De acordo com a Consultoria ARC Mercosul, no Brasil o mercado de soja e milho não sofreu com influências de Chicago, uma vez que a “demanda por ambos os grãos continua aquecida no atual momento, assim como um Dólar que se valorizou significantemente neste início de semana”. Os analistas da ARC Mercosul alertam que em algumas semanas o mercado de milho no Brasil deverá “sofrer com a disponibilidade do grão com o avanço da colheita – que ultrapassa os 70% da área no atual momento”.

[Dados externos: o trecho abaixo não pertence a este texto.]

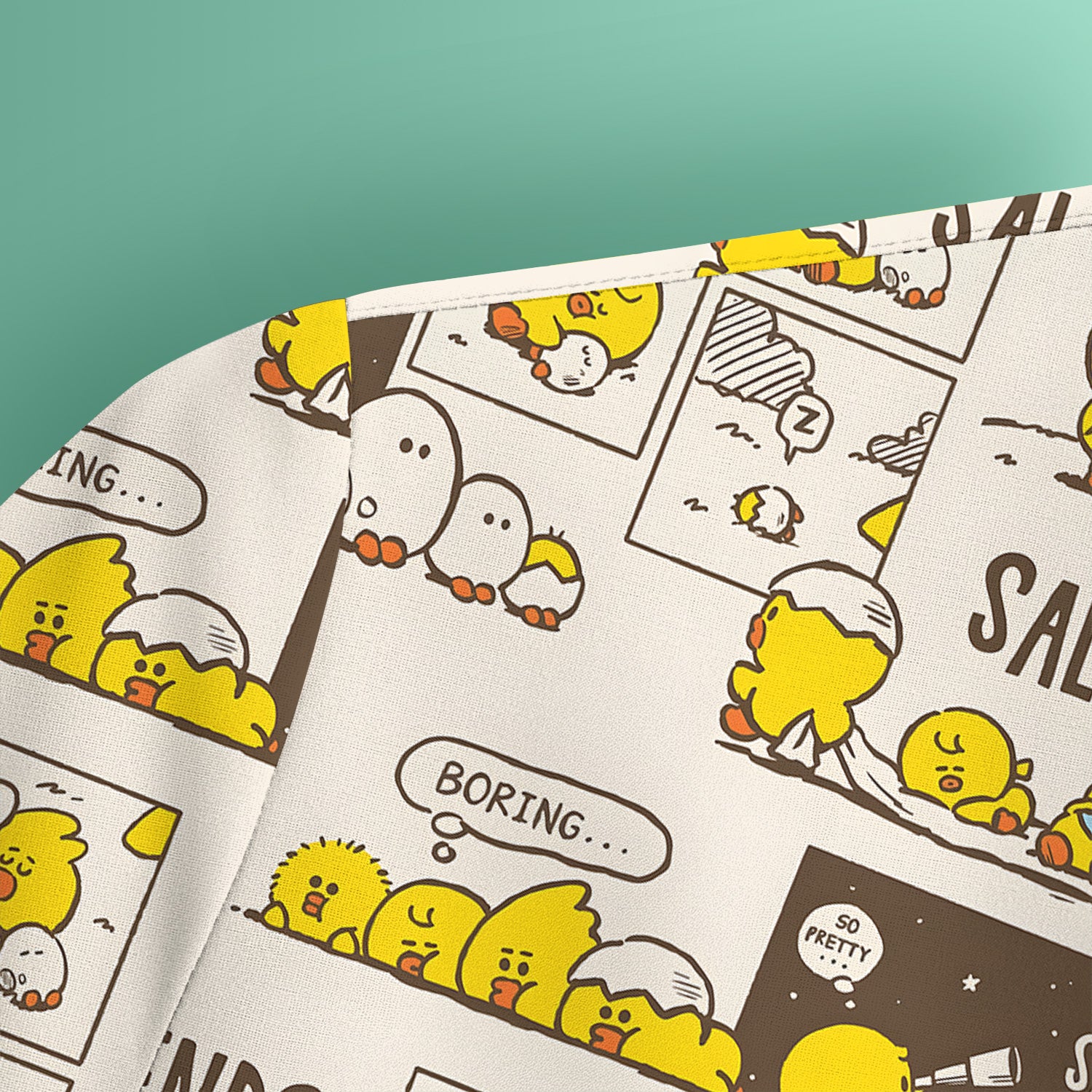 Cute Cartoon Chick Comic Pattern Scrub Top, Comfortable Scrubs for Nurses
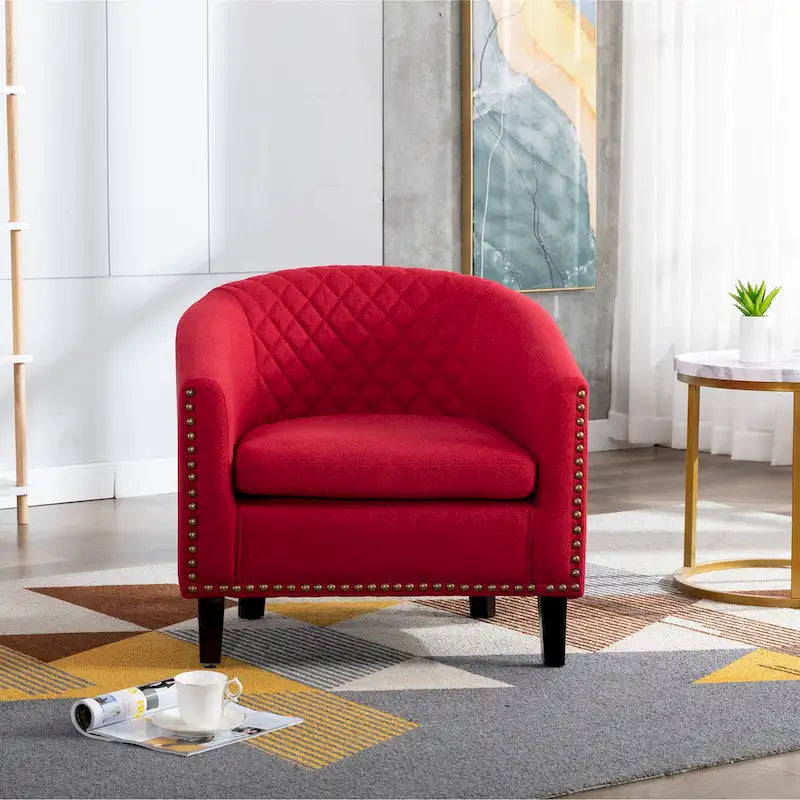 Fauteuil Club, Clous Décoratifs, Pieds en Bois Massif, 1 Place | Noir / Blanc / Bleu Marine / Café / Orange / Marron / Rouge
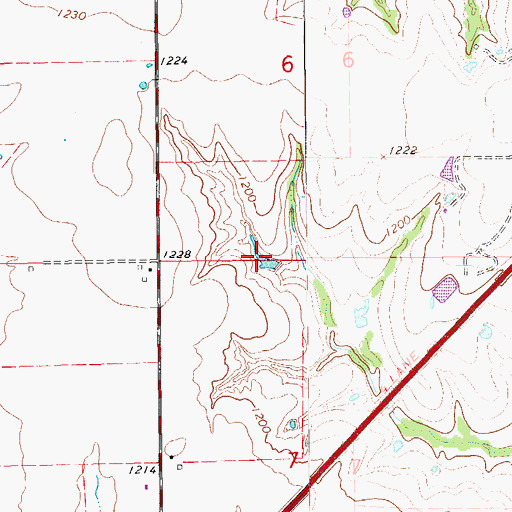 Topographic Map of Oknoname 051002 Reservoir, OK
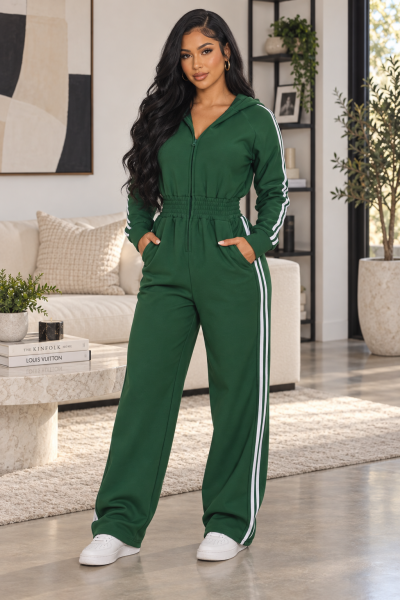 STRIPED LINED FLEECE JUMPSUIT
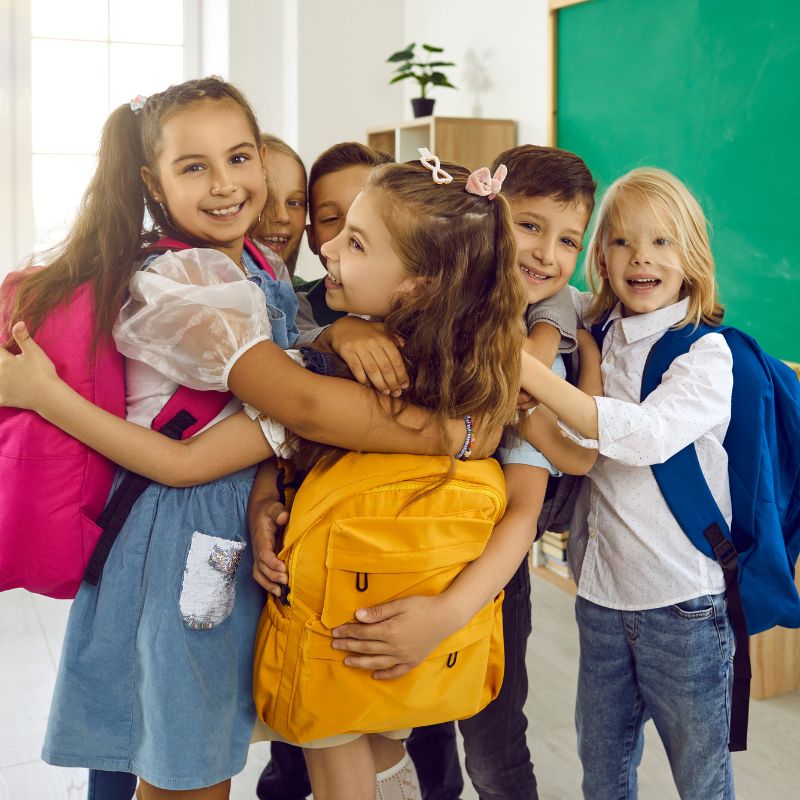 children group hugging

A T&F Consultoria Agroeconômica aponta que a alta volatilidade do Dólar nas sessões da B3 levaram o mercado a ter comportamentos antes e depois da queda desta terça-feira: “Antes da queda da moeda americana e de Chicago, os preços que as Tradings puderam oferecer no porto gaúcho de Rio Grande tinham subido mais um real/saca para R$ 125,00 para entrega em agosto e R$ 126,00 em setembro. Depois da queda o mercado simplesmente arrefeceu, porque as ofertas eram maiores do que os preços que os compradores podiam pagar. Baixíssimo volume de negócios”.

Ainda de acordo com a equipe de analistas da T&F, nas praças de comercialização do Paraná os preços da soja no balcão caíram 3 reais/saca, recuando em média um real/saca no mercado de lotes. Em Minas Gerais, os preços que as Tradings puderam oferecer pela soja antes da queda do Dólar na B3 e da soja na CBOT desta terça-feira foram os mesmos do dia anterior.